Top of Data supplied
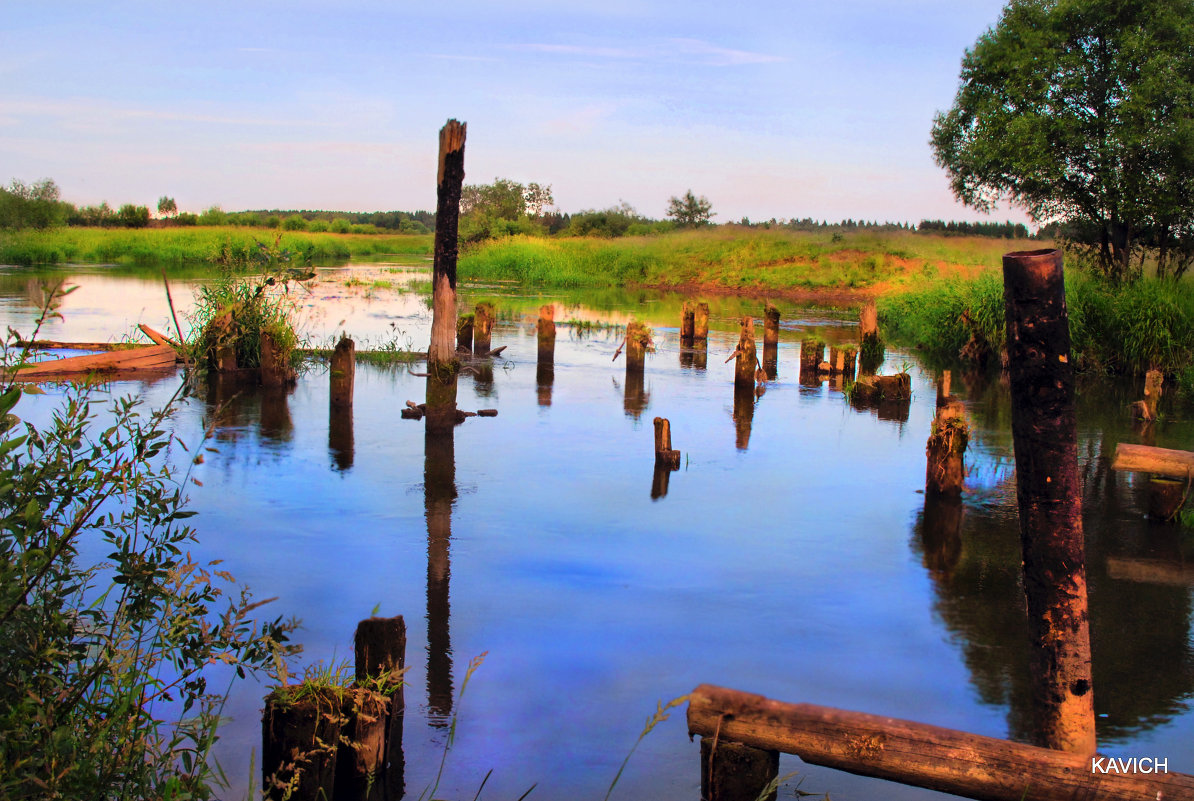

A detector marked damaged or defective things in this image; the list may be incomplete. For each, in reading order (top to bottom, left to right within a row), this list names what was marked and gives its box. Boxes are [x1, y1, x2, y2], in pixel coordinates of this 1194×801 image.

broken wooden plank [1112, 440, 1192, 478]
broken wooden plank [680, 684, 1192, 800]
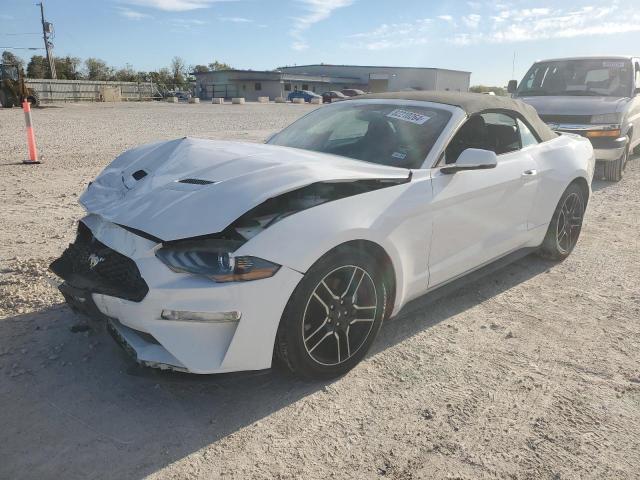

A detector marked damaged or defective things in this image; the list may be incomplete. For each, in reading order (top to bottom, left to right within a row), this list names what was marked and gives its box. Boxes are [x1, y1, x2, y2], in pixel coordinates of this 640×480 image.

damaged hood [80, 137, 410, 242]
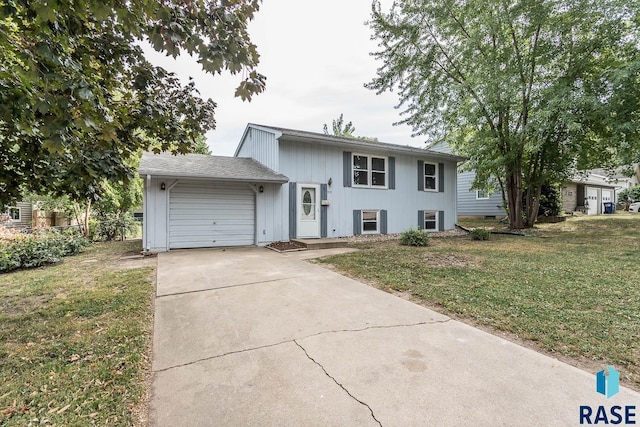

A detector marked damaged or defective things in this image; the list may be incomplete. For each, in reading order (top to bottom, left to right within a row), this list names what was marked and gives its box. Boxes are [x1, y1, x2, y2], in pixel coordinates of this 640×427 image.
Bottom of Data supplied
Only the pictures may be dropped; print every record exactly as given.

A detector marked damaged or defective things in this image; the list may be incomplete. For each, in reading order (top to bottom, left to right within a row), this list names what was marked and gives its box. Boxes are [x1, y1, x2, y2], in pixel coordinates of this 1194×801 image.

broken wooden plank [1112, 440, 1192, 478]
broken wooden plank [680, 684, 1192, 800]

A detector marked damaged or defective things in this image; the list may be incomplete. For each, in reading order (top to bottom, left to right within a row), this list names what was marked and gives its box. Boxes are [x1, y1, x2, y2], in pixel coordinates of this 640×480 image.

damaged hood [80, 137, 410, 242]

A detector marked damaged or defective things in this image; the list may be incomplete. For each, in reading order (top to bottom, left to right within a row), this list names what was marked and gives its box. Boxes are [x1, y1, x2, y2], in pixel coordinates of this 640×427 image.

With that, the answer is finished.